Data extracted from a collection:
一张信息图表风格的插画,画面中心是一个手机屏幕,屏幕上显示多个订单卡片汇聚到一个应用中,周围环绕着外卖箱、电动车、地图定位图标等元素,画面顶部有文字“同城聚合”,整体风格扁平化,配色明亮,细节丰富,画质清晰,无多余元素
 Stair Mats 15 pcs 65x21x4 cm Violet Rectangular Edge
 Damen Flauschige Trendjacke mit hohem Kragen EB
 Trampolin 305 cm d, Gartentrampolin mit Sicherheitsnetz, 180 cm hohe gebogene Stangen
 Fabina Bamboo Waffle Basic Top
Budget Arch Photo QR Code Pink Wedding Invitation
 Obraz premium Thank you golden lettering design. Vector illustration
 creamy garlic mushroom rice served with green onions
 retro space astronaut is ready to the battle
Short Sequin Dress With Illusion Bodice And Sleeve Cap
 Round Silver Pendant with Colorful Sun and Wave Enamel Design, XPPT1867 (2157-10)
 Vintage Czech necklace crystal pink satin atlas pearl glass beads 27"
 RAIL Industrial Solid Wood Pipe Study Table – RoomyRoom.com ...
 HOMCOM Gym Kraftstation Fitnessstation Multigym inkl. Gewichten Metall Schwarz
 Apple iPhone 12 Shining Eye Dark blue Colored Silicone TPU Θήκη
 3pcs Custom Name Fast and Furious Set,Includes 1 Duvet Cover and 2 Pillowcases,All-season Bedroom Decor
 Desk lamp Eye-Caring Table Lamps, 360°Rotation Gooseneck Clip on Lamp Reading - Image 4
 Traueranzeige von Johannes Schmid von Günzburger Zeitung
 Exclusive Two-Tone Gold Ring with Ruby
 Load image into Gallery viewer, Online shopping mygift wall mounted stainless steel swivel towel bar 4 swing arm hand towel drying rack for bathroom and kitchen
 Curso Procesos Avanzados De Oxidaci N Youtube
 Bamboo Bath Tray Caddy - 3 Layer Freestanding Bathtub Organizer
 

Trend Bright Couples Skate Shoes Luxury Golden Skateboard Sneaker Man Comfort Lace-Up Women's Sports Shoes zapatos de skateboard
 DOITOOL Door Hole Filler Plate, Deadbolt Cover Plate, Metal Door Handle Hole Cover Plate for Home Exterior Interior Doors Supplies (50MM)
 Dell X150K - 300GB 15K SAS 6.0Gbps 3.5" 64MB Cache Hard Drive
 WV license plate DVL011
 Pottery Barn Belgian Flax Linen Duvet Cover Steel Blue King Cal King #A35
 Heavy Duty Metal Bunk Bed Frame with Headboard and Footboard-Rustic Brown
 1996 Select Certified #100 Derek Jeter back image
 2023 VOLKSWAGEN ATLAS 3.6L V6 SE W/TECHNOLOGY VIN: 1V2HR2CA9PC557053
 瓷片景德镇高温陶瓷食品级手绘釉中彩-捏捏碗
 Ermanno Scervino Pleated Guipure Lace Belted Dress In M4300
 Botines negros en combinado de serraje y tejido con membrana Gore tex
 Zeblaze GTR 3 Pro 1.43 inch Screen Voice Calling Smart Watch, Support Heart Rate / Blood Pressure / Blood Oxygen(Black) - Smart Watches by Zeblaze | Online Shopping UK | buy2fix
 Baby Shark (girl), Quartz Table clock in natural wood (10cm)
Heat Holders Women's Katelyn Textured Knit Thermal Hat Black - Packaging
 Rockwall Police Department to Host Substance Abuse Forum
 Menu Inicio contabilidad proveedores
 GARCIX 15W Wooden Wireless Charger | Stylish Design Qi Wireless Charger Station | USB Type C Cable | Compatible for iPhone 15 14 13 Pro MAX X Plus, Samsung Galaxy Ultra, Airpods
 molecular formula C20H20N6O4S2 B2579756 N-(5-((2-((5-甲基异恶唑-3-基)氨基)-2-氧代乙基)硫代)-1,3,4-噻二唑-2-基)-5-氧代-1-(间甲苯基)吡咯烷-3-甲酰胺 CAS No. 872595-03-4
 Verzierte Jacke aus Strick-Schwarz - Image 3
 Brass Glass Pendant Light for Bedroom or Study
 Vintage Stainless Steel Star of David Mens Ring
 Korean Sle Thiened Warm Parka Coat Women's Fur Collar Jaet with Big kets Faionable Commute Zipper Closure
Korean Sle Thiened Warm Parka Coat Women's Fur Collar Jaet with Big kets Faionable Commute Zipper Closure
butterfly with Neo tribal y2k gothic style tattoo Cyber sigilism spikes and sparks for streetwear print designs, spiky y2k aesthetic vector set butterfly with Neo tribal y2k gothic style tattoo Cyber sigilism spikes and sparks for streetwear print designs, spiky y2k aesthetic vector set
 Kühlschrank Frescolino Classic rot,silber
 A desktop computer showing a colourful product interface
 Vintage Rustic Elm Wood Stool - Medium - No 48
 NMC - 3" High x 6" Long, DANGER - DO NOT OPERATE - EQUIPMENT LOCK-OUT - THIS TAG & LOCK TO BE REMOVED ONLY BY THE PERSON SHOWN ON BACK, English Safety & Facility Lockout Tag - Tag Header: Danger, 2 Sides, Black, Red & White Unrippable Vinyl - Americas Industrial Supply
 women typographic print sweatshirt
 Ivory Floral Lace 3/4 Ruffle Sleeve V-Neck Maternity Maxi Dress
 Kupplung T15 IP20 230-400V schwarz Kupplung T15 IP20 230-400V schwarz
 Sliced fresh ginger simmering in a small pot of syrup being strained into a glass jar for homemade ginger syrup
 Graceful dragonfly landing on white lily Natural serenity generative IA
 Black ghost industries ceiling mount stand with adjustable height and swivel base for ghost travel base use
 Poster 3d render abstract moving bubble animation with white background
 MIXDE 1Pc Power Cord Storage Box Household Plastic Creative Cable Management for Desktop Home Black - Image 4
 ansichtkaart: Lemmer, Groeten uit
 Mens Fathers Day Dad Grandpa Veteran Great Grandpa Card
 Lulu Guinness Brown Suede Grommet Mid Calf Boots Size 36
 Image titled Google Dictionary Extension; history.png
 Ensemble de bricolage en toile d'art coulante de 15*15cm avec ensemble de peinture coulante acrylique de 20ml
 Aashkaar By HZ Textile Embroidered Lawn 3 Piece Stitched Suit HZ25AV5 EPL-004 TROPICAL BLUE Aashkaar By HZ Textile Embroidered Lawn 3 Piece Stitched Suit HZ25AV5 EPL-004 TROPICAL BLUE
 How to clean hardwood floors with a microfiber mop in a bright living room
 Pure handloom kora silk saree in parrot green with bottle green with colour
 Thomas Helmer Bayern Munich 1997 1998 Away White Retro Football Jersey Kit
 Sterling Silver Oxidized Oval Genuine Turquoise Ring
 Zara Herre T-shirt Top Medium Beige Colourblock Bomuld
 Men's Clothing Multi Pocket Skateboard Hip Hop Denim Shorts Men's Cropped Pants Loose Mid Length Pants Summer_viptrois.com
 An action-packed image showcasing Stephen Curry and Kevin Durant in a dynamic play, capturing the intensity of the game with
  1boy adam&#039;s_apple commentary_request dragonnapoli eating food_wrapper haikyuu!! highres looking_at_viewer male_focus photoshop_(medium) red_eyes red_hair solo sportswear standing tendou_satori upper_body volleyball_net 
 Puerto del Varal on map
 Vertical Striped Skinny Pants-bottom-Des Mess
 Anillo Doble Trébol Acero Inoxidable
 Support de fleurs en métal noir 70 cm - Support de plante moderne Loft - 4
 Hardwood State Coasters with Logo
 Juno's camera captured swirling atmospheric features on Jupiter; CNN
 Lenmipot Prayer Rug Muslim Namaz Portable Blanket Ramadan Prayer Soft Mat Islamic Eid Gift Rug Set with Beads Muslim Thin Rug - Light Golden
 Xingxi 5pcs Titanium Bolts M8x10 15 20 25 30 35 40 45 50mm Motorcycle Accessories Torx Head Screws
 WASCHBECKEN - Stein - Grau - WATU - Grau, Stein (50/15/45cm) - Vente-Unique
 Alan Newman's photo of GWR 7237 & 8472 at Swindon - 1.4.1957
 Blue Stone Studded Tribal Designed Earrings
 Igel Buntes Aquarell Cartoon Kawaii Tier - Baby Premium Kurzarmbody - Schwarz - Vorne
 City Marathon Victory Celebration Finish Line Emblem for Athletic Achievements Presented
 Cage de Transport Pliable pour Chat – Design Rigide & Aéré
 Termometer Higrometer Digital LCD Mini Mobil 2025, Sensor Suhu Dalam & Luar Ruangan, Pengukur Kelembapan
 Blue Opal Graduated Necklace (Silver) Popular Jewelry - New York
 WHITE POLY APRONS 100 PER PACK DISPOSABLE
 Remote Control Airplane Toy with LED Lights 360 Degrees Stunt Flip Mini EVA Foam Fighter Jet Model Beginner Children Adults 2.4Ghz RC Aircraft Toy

Work instruction: Copy out each line of the data above, exactly, if it lies between the line holding "Pottery Barn Belgian" and the line holding "瓷片景德镇高温陶瓷食品级手绘釉中彩-捏捏碗", inclusive; copy no other line.

Result of this exercise:
 Pottery Barn Belgian Flax Linen Duvet Cover Steel Blue King Cal King #A35
 Heavy Duty Metal Bunk Bed Frame with Headboard and Footboard-Rustic Brown
 1996 Select Certified #100 Derek Jeter back image
 2023 VOLKSWAGEN ATLAS 3.6L V6 SE W/TECHNOLOGY VIN: 1V2HR2CA9PC557053
 瓷片景德镇高温陶瓷食品级手绘釉中彩-捏捏碗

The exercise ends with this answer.